Rob, while a significant percentage of program viewers leave the room or cease paying full attention during an average TV commercial, the extent to which this happens is vastly overstated by many commentators. For example, a recent TVision "eye tracking" study noted that 29% of those in the room prior to a commercial break, were absent during an average second when the spots ran. That does not necessaily mean that they missed all of the commercial content--- people come and go during breaks. As for visual attentivenss, many observational studies have been conducted using cameras, persons watching how others behave, etc. All of this is covered in our upcoming MDI Direct report, "TV Dimensions 2020". The findings indicate is that about 40-45% of program viewers are fully attentive to an average commercial but, obviously, this varies because of commercial clutter, program environment and the interest level aroused by each ad. Some commercials attain attentiveness scores of 55-65%; others fall well down to only 35%. So it's not true that today's TV viewer is mainly a "listener" to the commercials. Sure, the audio element, as you note, can be an important plus---or minus---if not handled effectively, but we are still mostly "watching" commercials---when we choose to.
Rob, do you know the thresholds used for "60% of participants look away during commercial breaks."?
Most eye-gaze tracking surveys use the 200ms standard for a 'gaze'. Yes, one-fifth of a second. A logical threshold would be something like 2 or 3 seconds (in this modern world with lots of distractions), which would be 10-15 'gazes' away from the TV (or device being measured).
The thing is we are human and vision is a limbic function. You hear a noise and look towards it to make sure things are safe. +1 to the "looked away" category. The difference between seeing and hearing is that you hear every second of the day - if you have good hearing you can't "not hear" in the usual course of the day. You can choose to "not see" which can mean looking away, closing your eyes from something you don't want to see, having a nap or sleeping at night. Hearing and seeing should always be thought of in a symbiotic conjunctive way - it's at the core of great TV ads.

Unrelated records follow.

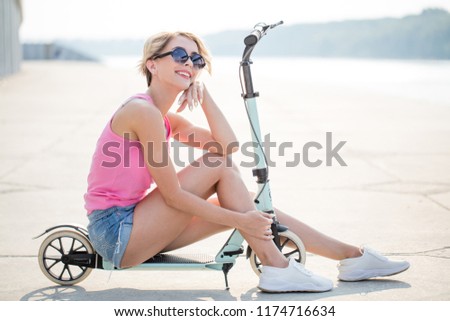 Young girl rests and sits on kick scooter at summer. concept of healthy lifestyle
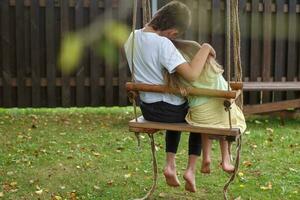 Kinder sitzen auf einer Schaukel im Garten. älterer bruder umarmt kleine schwester foto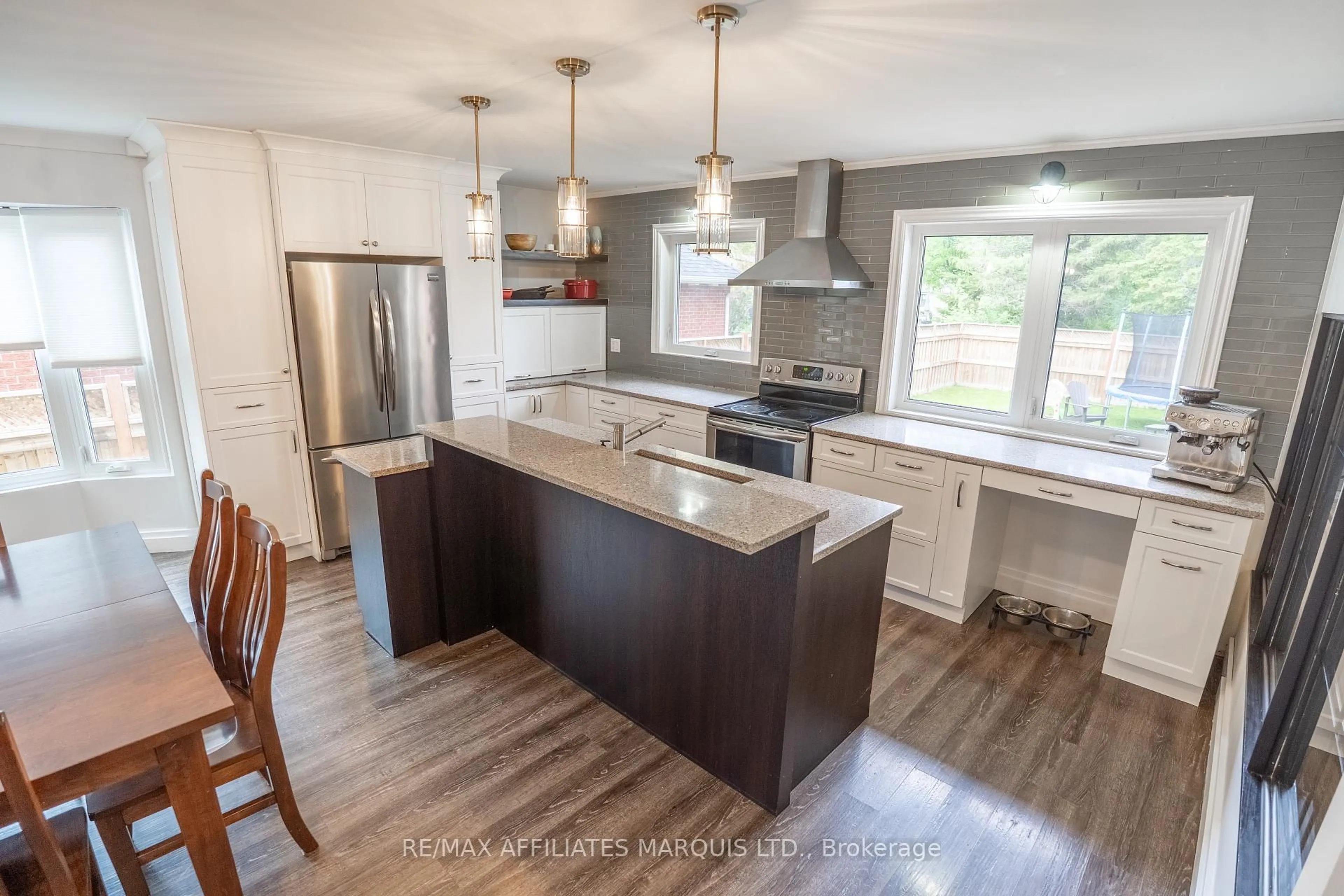 Open concept kitchen, wood/laminate floor for 1143 Stokes Dr, Cornwall Ontario K6J 5J6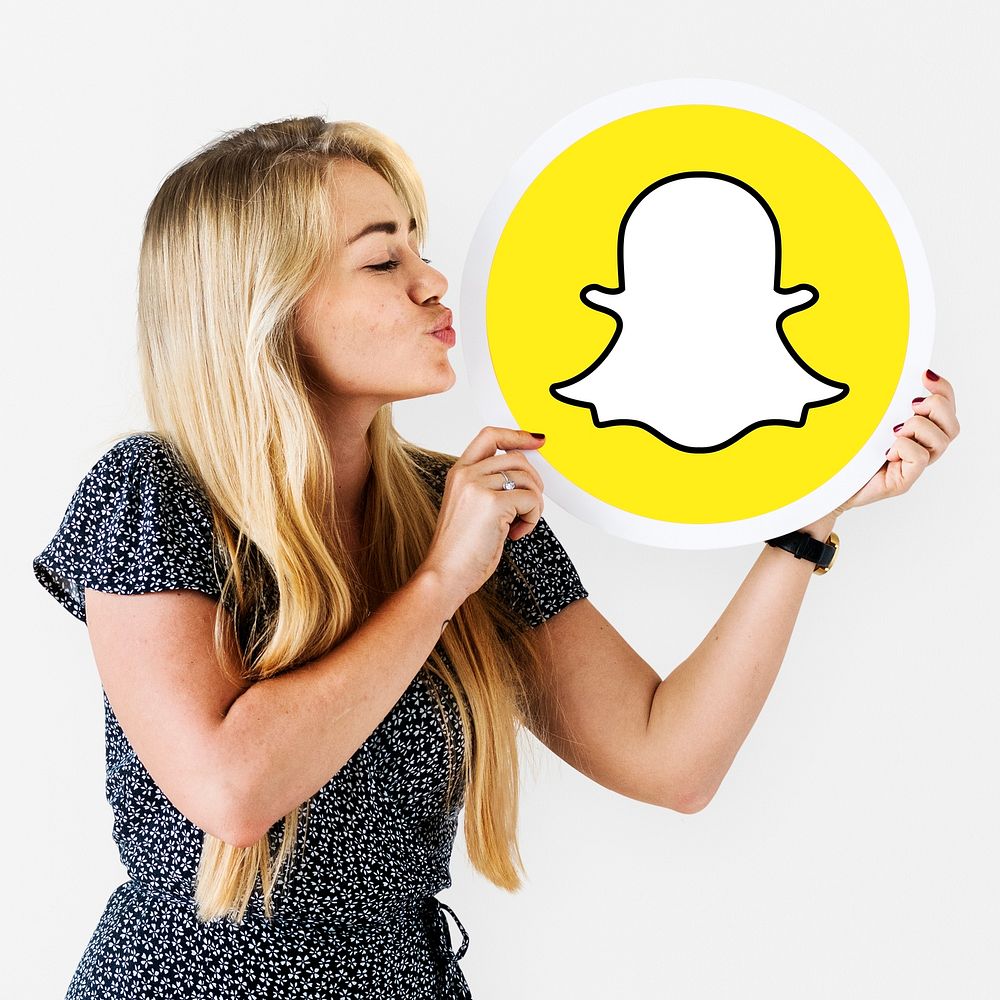 Woman blowing a kiss to a Snapchat icon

John, I find the claim that 60% of the viewers look away from the screen during commercials entirely credible if what is meant is that during the course of a 15- or 30-second commercial that percentage looks away at some point in the presentation. That makes sense as it's hard to believe that everyone in the room has his/her eyes riveted onto the screen without exception for every second of a commercial---or program content either.The same thing applies to digital and print media. However, you don't have to have your eyes fixed on the screen every second to be effectively "exposed" to an ad message----do you?If, however, what is meant is that 60% of the viewers never look at the screen to any extent during commercials---I find this difficult to swallow.
I agree Ed.
What I was driving at was that if the 200ms threshold was used close to 100% of people would be "looking away".
'More than half' would sound reasonable for "looking away" any and every media - I was just wondering what threshold they actually used.

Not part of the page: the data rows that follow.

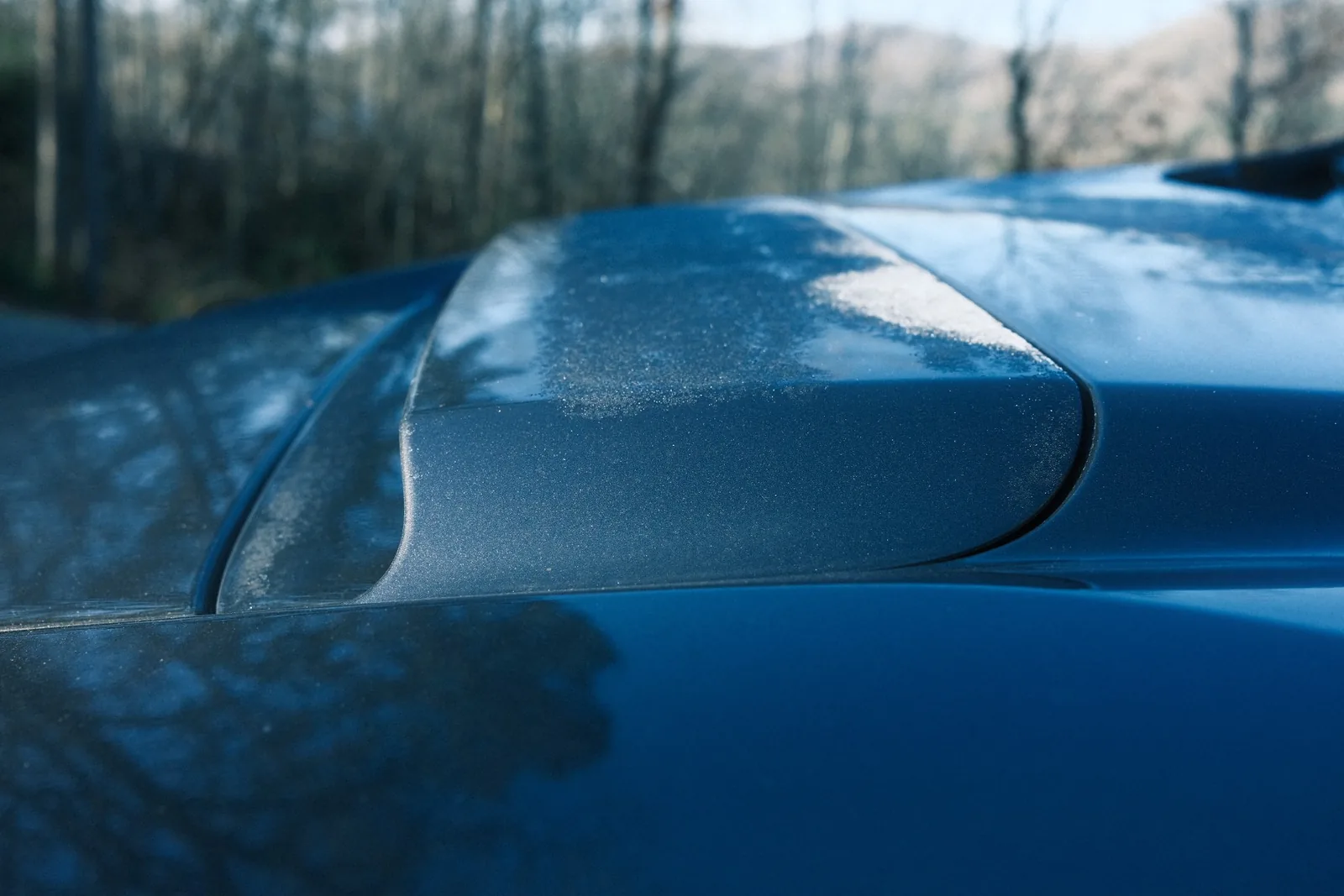 Close-up of the WRX hood scoop dusted with morning frost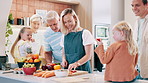 Happy, big family and cooking dinner in kitchen with vegetables, food and nutrition in home. Heathy, diet and mother meal prep salad with hungry grandparents and children eating fruit on table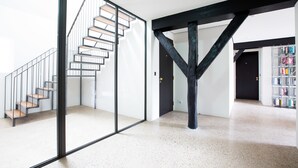 Ein modernes Interieur mit einer Treppe, einer Glaswand und einem Bücherregal.
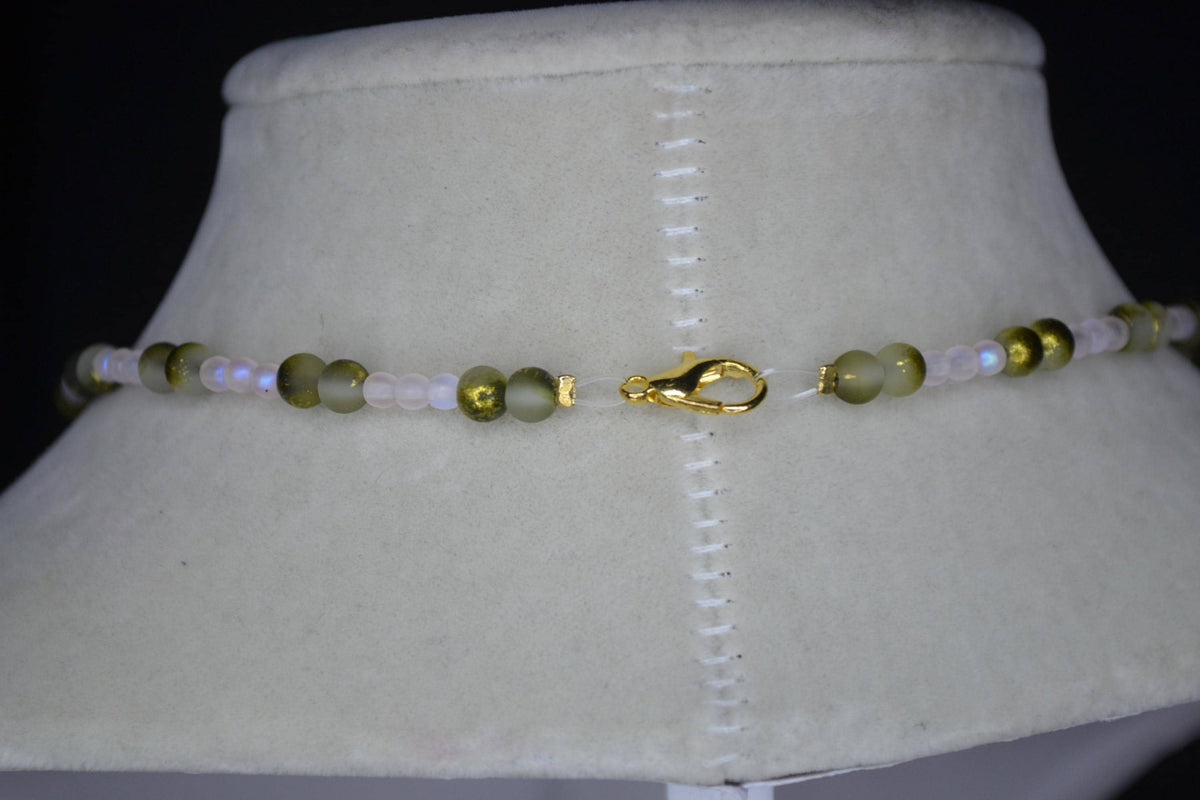 Bronze butterfly pendant glass bead necklace. Frosted pink and frosted green gold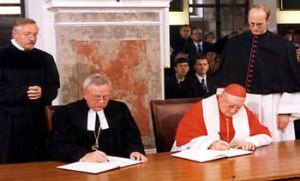 1999 signing of the Joint Doctrine of the Doctrine of Justification (JDDJ) with Bishop Dr. Christian Krause (left) and Edward Idris Cardinal Cassidy (right) (source: elcic.ca)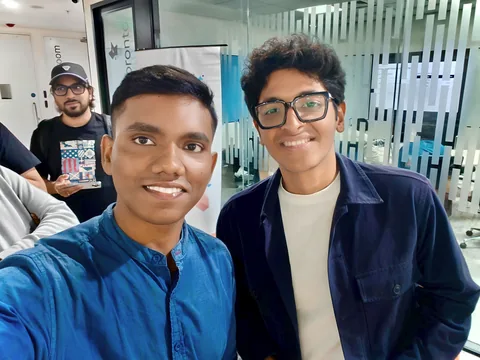 A group selfie at an indoor gathering.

Quantifying it at 60% could alarm some people because their perception may have been that their ad was not seen at all.
And to extend the discussion, I have seen claims of "100% viewable" from some media. That is a very different kettle of fish to "100% viewed". For example, in the TV ratings system every ad is "100% viewable" as they enumerate that the TV is on and tuned to a specific channel. They then use the 'people' part of the peoplemeter to reduce that amount to as close as they can quantify people actively viewing that device.